The problem:
The following data needs to be repeated exactly, with all images excluded.

Data provided:
%%

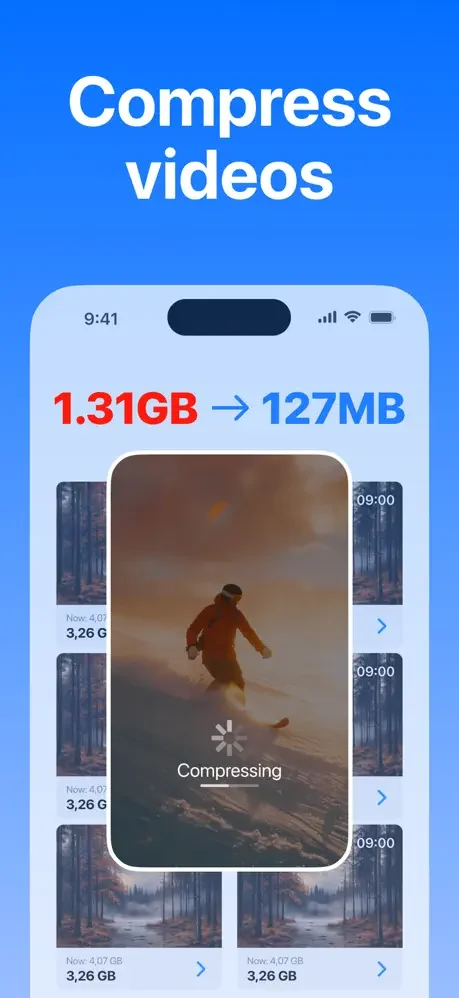 iCleaner video compression feature compressing 1.31GB video files down to 127MB displaying batch compression progress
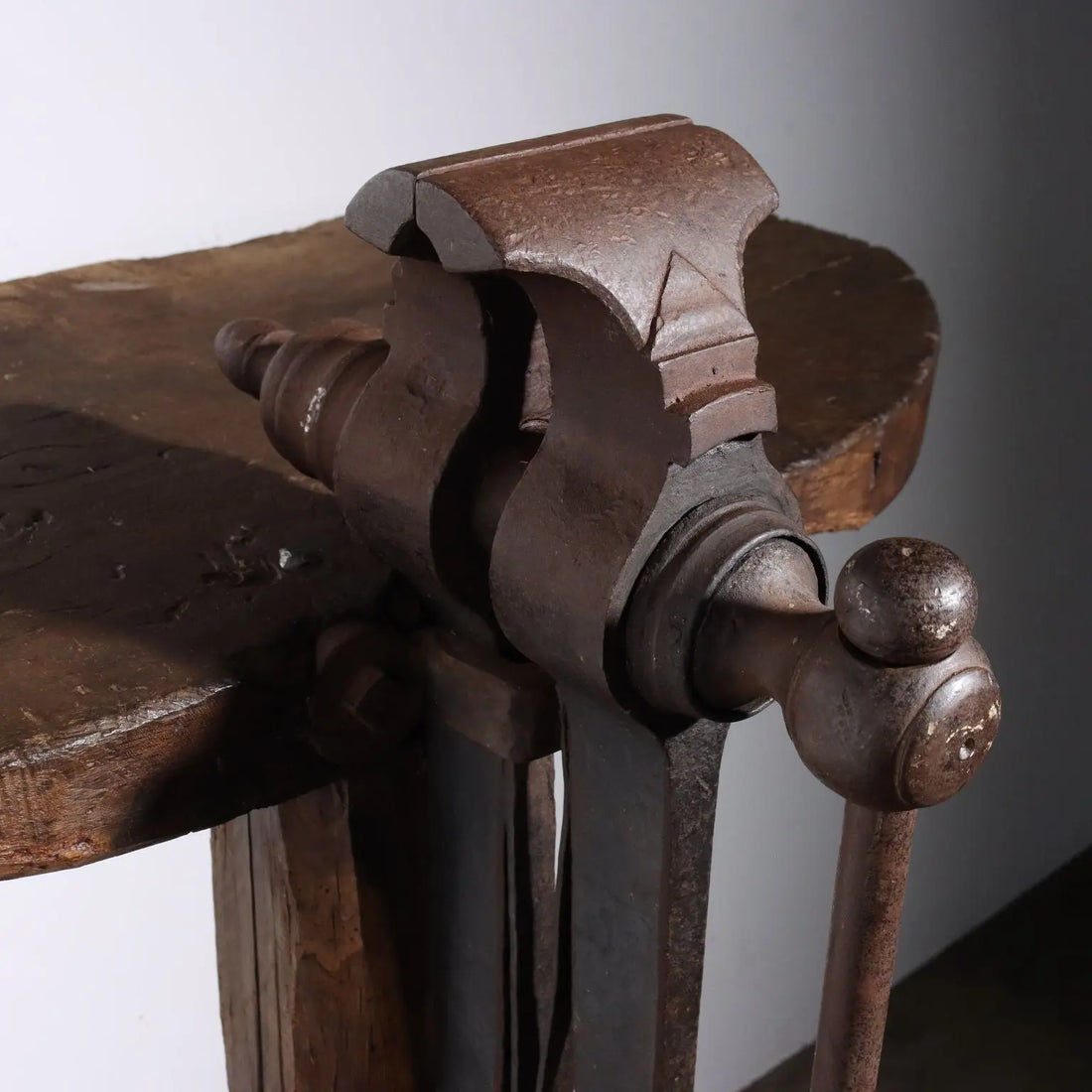 Oak Work Shelf with Iron Vise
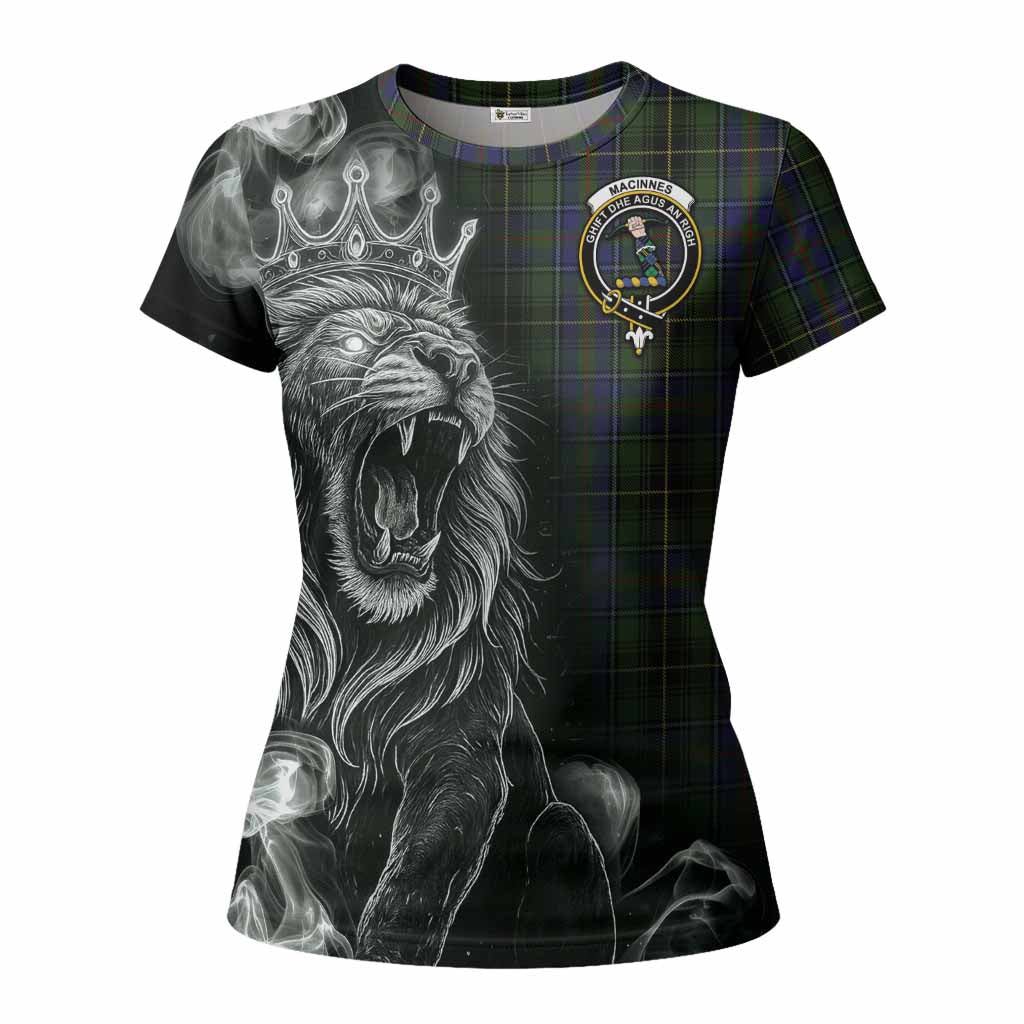 MacInnes (McInnes) Tartan Women T shirt Roaring Lion Heritage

%%

Your response:
 iCleaner video compression feature compressing 1.31GB video files down to 127MB displaying batch compression progress
 Oak Work Shelf with Iron Vise
 MacInnes (McInnes) Tartan Women T shirt Roaring Lion Heritage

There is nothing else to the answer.